休日はデジカメ持ってぶらぶらと📷

アメフト観戦記や読書日記を綴っていましたが、最近は古墳(コフ)ニストとして覚醒中!横穴式石室をもつ古墳にハマっています。

飛鳥の万葉歌碑⑰ ~南都銀行そば、飛鳥川沿い~

2020-11-08 17:09:49 | 文学をたどる

 橘寺から石舞台古墳の方に歩く遊歩道を歩いていくと、南都銀行の明日香支店のそばに一つ万葉歌碑が置かれている。歌碑のすぐ下には、飛鳥川が流れている。飛鳥川を見ると、いつも思うのだが、川の流れがけっこう速いような気がするのだけど、どうだろう。

  

 飛鳥川については、少し調べてみると、源流は、高取山北東麓にあり。、手谷川と行者川が奥飛鳥の栢森集落内で合流して、飛鳥川となり、明日香村中央部を北へ流れ、橿原市、田原本町などを経て川西町保田というところで大和川に合流するそうだ。

 てっきり吉野辺りに源流があるのかと思っていたらそうでもないのだ。源流からそう遠くないところにあるからなのか、谷の深いところで急な流れとなっているのだろうか。

 

 さて、万葉歌碑に話を戻そう。

 歌碑には、ここも万葉学者犬養孝氏の揮毫により、万葉仮名で「明日香川 瀬々の玉藻の うちなびき 情は妹の 寄りにけるかも」と記されている。ちなみに作者は未詳である。

 

 歌意としては、飛鳥川の瀬という瀬の玉藻がうちなびくように、心はあの子になびき寄ってしまったという意味になるのかな。この歌は、万葉集巻13の相聞の部に採録されている。

 あらためて「瀬」とは、河川の中で、流れが速く水深が浅い場所のことを指すとのこと。万葉人も、やはり飛鳥川の流れの速さを感じていたのかもしれない。その川の流れに、自らの恋情を託していたのであろう。

 

 ちなみに、飛鳥川を取り上げながら、少し反対の立場の歌が万葉集には収録されている。

 「明日香川 瀬々に玉藻は 生ひたれど しがらみあれば なびきあへなくに」という歌である。この歌も作者未詳である。こちらは、しがらみがあるので靡くことができないと詠んでいる。ちなみに「しがらみ(柵)」とは、水流をせき止めるために、川の中にくいを打ち並べて、それに木の枝や竹などを横に結びつけたものである。しがらみがなければ、相手の所に飛び込んでいけるのにということなのかな。

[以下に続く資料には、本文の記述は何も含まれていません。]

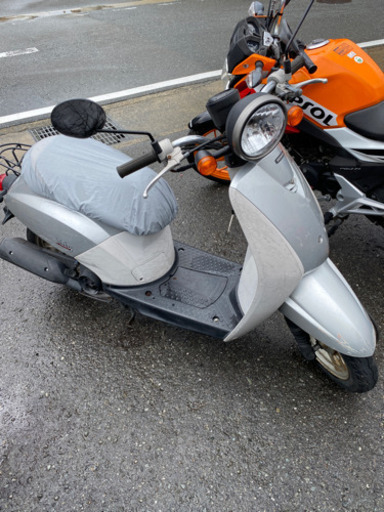 HONDA トゥデイ　AF61 実動　福岡市南区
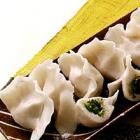 荠菜饺子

 このしがらみが転じて世間のしがらみとかに使われるようになったのであろう。

 

 ここから、石舞台古墳の方へ向かう道は、棚田などがきれいな場所でもあり、夏の終わりや秋の初めごろが非常に眺めのいいところでもある。

 

 ぜひとも歩きながら、その風景を楽しんで、遠く飛鳥人の想いを感じてほしい気がする。